===== Data excerpts =====

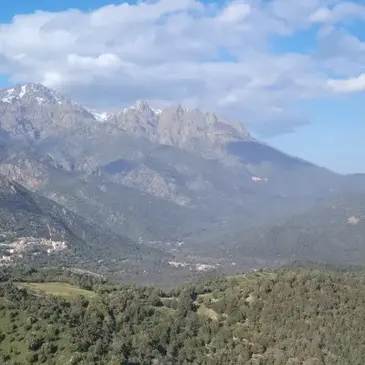 Réserver Baptême de l'air hélicoptère en Aquitaine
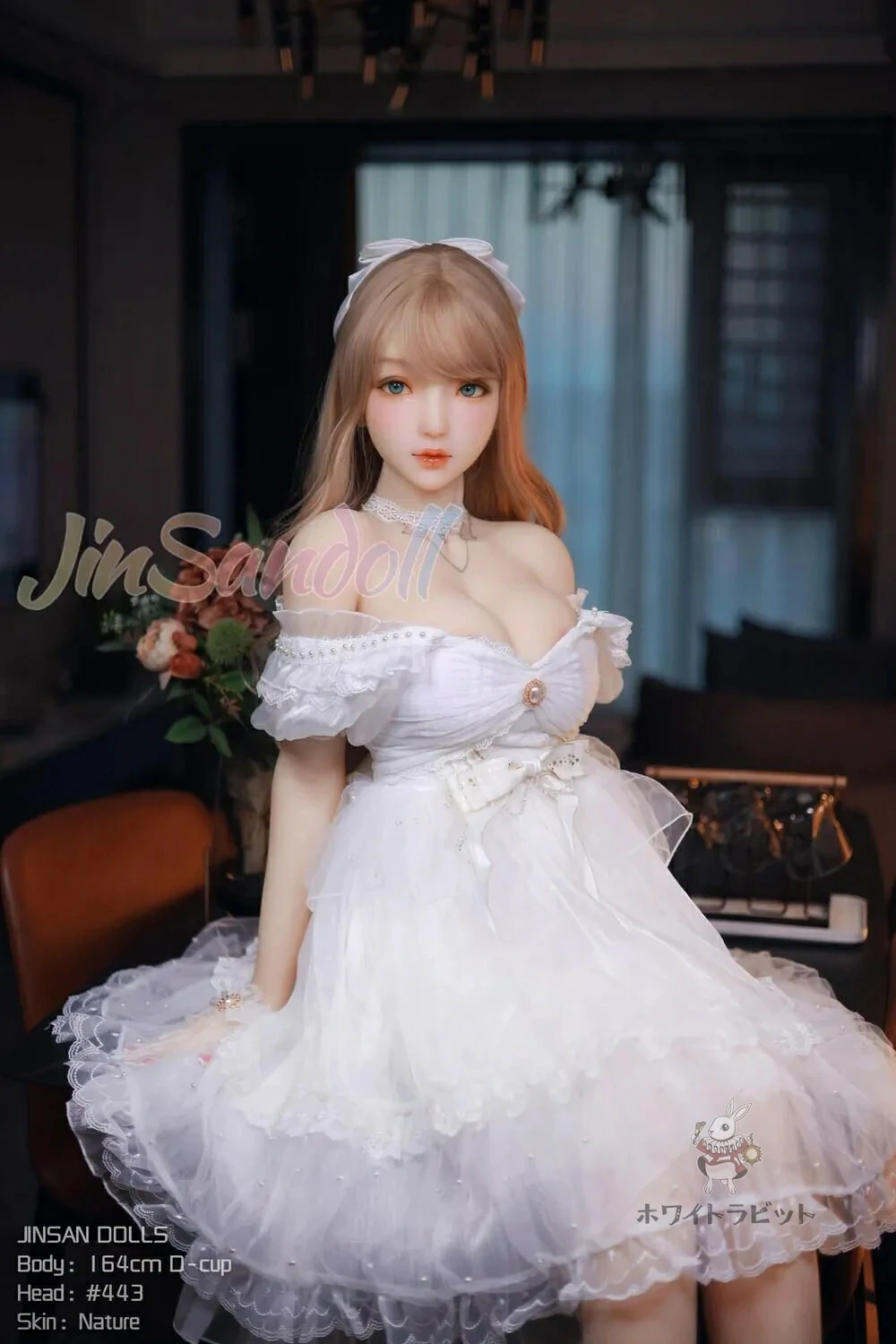 ラブドール,ダッチワイフ,等身大ドール,職人メイク,ドールヘッド,aiグラビア,ai抱き枕,抱き枕カバー,18禁,全裸,
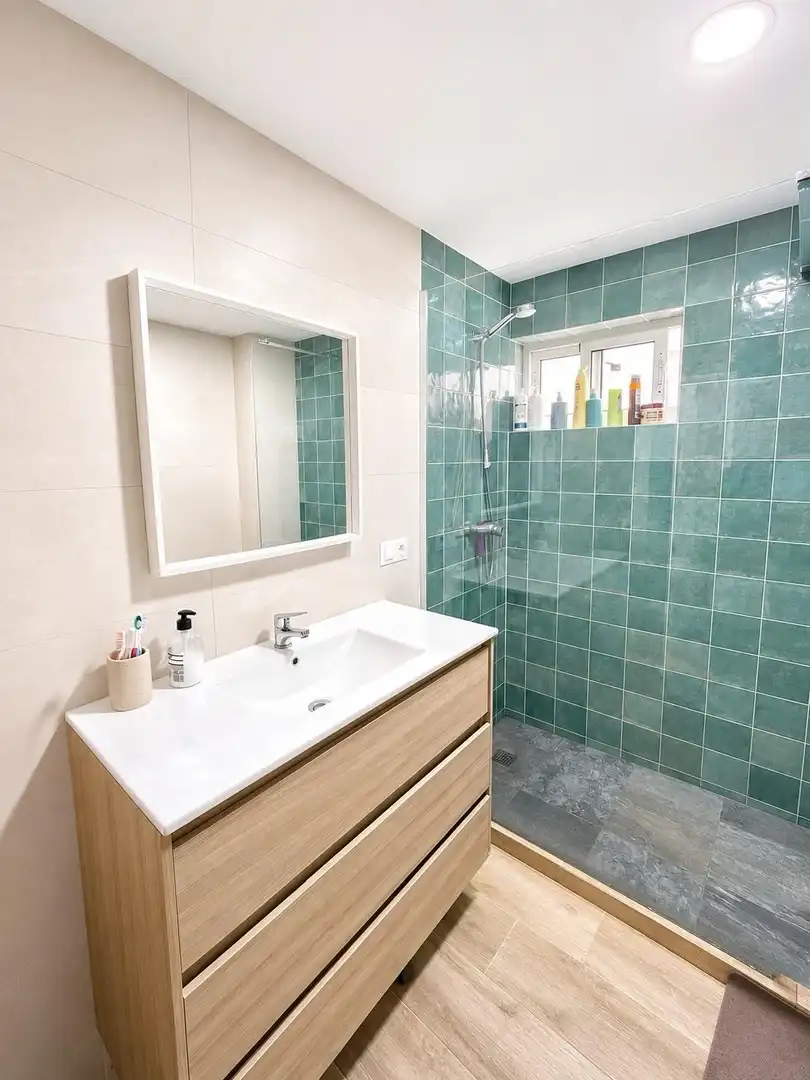 Flat with lift for sale in Calle Calle Martínez de la Rosa, imagen 20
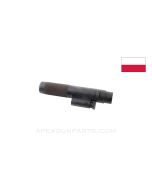 DPM Recoil Spring Housing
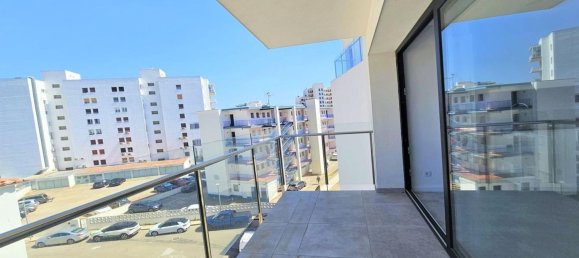 2 bedrooms Apartment in Roses, Spain No. 184526 4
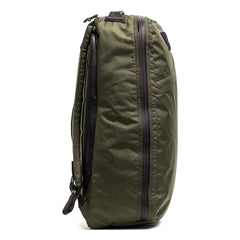 GR1 X-Pac Backpack - 26L
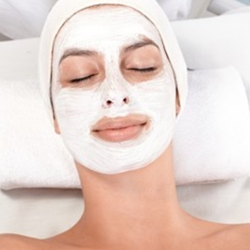 Facial Treatments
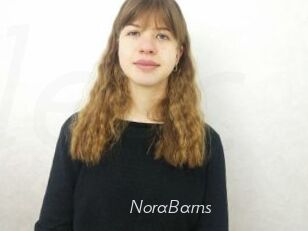 NoraBarns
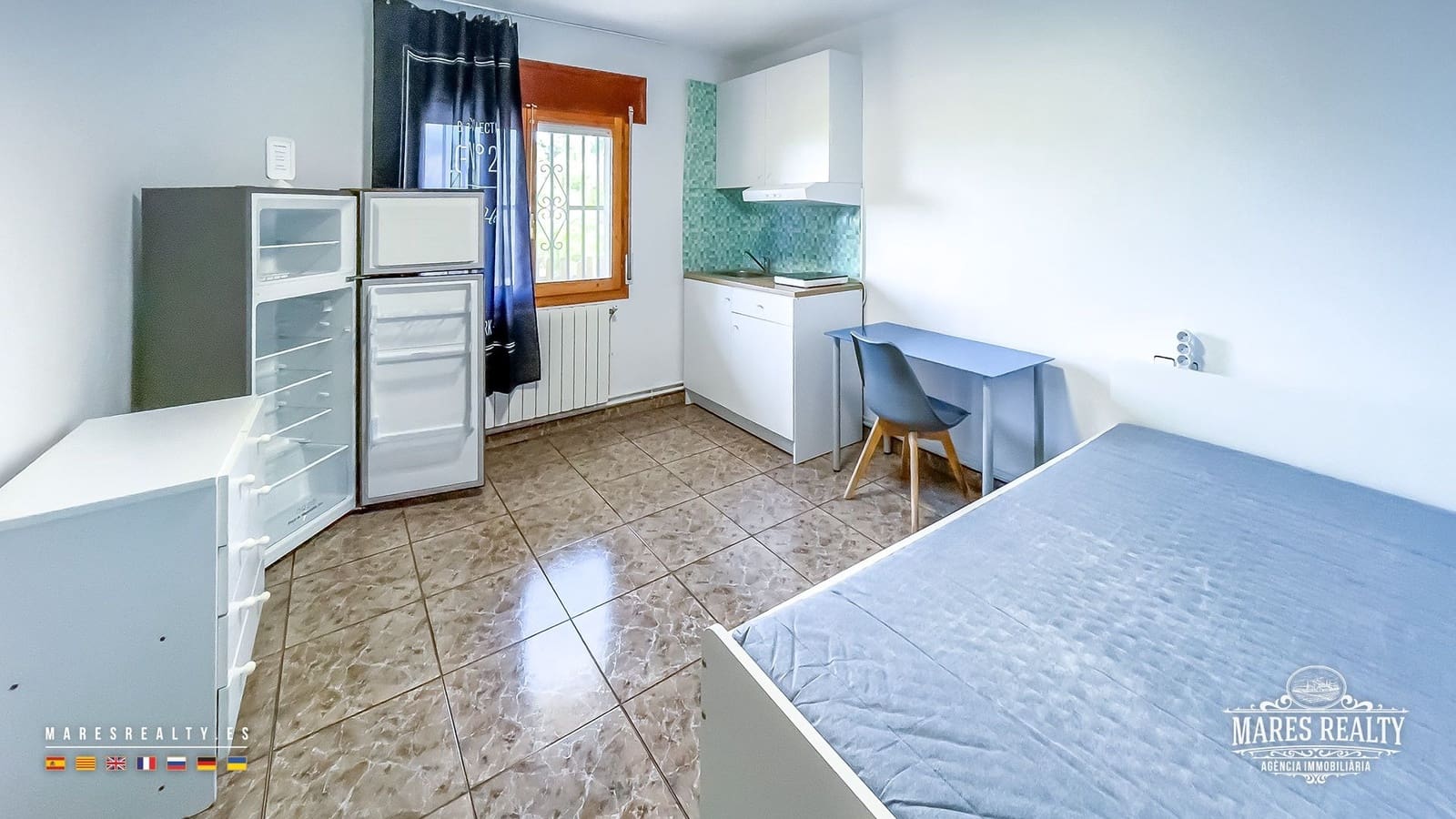 5 bedroom Villa for sale in Lloret de Mar with pool garage - € 415,000 (Ref: 9133989)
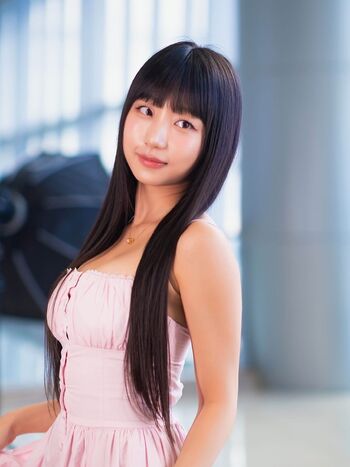 Eunji pyoapple  page leaked private photo uncensored HD quality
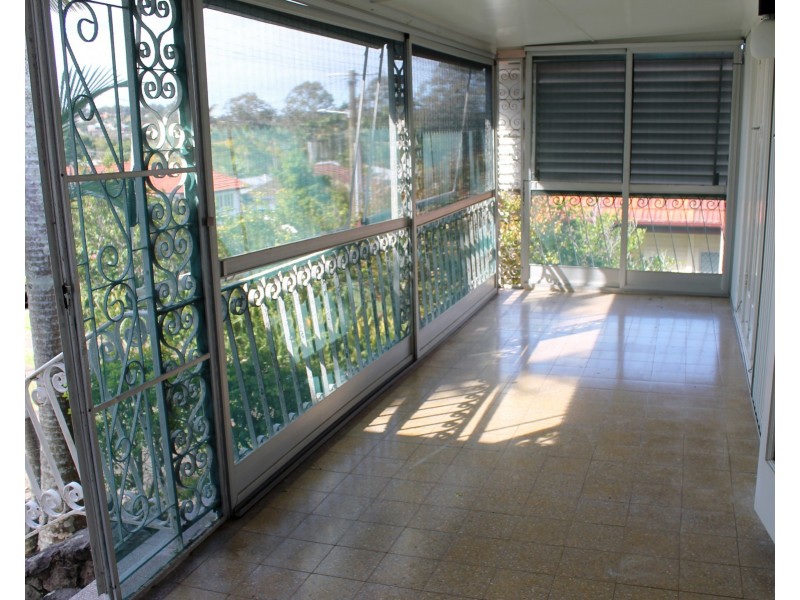 20 Kyrunda Street, Mitchelton QLD 4053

=====

- [Task goal]: Transcribe the records above exactly, leaving every picture out of the copy.

- [Answer to the exercise]:
 Réserver Baptême de l'air hélicoptère en Aquitaine
 ラブドール,ダッチワイフ,等身大ドール,職人メイク,ドールヘッド,aiグラビア,ai抱き枕,抱き枕カバー,18禁,全裸,
 Flat with lift for sale in Calle Calle Martínez de la Rosa, imagen 20
 DPM Recoil Spring Housing
 2 bedrooms Apartment in Roses, Spain No. 184526 4
 GR1 X-Pac Backpack - 26L
 Facial Treatments
 NoraBarns
 5 bedroom Villa for sale in Lloret de Mar with pool garage - € 415,000 (Ref: 9133989)
 Eunji pyoapple  page leaked private photo uncensored HD quality
 20 Kyrunda Street, Mitchelton QLD 4053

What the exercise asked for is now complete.